Issue #9 has two new stories. While the first mentions a previous issue, the overall story doesn’t require knowledge of any of the former issues, just the main characters. Even then, a full knowledge of them doesn’t seem necessary since predominant characteristics of each are obvious, such as Donald’s tendency to be a worrier and Scrooge McDuck being a big-time adventurer facing the dread of aging and lessening energy. The first story highlights Scrooge’s need to feel youthful, allowing him access to a time machine that also provides the time traveler with youth. Scrooge gets to be his younger self for a bit, in a new adventure that is very short lived. The time spent in the past doesn’t last long, as Scrooge quickly realizes what the risks of being there could be. The second story pits Donald and Scrooge’s differing perspectives of family outings against one another. Scrooge thinks his family needs adventure and Donald thinks they should be playing it a lot safer, but an encounter with Ma Beagle and her Beagle Boy sons allows the two to remember some their old adventures together and semi-reconcile their differences.

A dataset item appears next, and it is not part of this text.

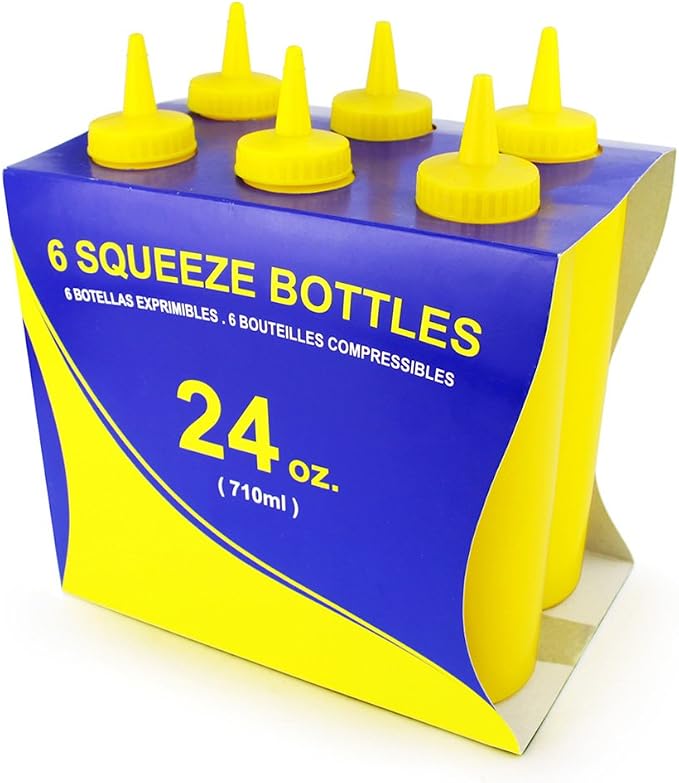 New Star Foodservice 26559 Squeeze Bottles, 24 oz by NewStarFoodservice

This is a lesson learned kind of issue, instead of a straight up adventure like some of the others. The first story also feels incredibly short, which is a bit of a disappointment. While learning lessons about family and yourself is great, I feel like it could’ve been done better with a more enjoyable story with a solid adventure. This felt like a glimpse of something that we will never get and it is the weakest adventure Scrooge has had to date, in my opinion, despite being such a feel-good story. This issue’s theme is family, and it is really heartwarming, but I honestly think these lessons could be imparted with a better opening story. The second one is more realized and fun, with a full arc that is satisfying. It provides adventure AND positive emotions, in a much more balanced way, like the show does. The regular cover shows a bit of the first story, but not really, as it captures a flashback adventure that is shown to start with and not the main adventure. The cover is awesome, but slightly deceiving, since it made me think that the McDucks were going to go encounter some sharks in the ocean and have an underwater quest. That was a disappointment for me and it might be the same for kids who might think they are getting something different and slightly more fun than they actually are.

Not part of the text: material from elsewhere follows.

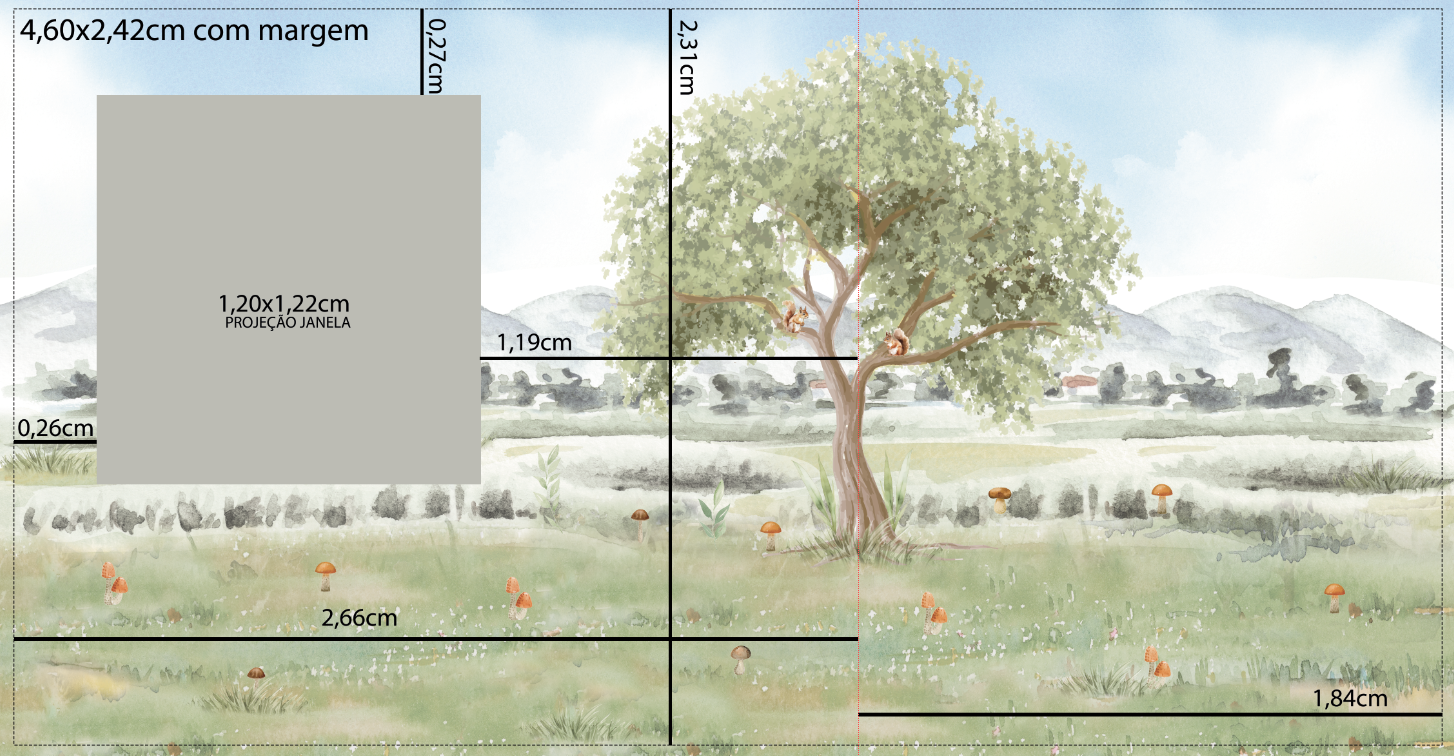 Painel de parede personalizado por metro quadrado.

The art is the same as it has been since issue #1, mirroring the animated series. While it is still good and the kids will still enjoy it, I think this is the weakest issue to date. I think this is one that will be hit or miss, depending on a person’s enjoyment of the show and story preferences. If you really like the characters and don’t mind some ebb and flow, this will be fine. If you are solely there for the adventure and expect the same high energy the show has provided, the first story will be highly lacking. If you can get passed it, or don’t mind a little change of pace from the norm (or you just like seeing Scrooge more than the kids), this one is perfectly fine. If your kids are reading it and they mainly want Huey, Dewey, Louie, and Webby adventuring, skip it.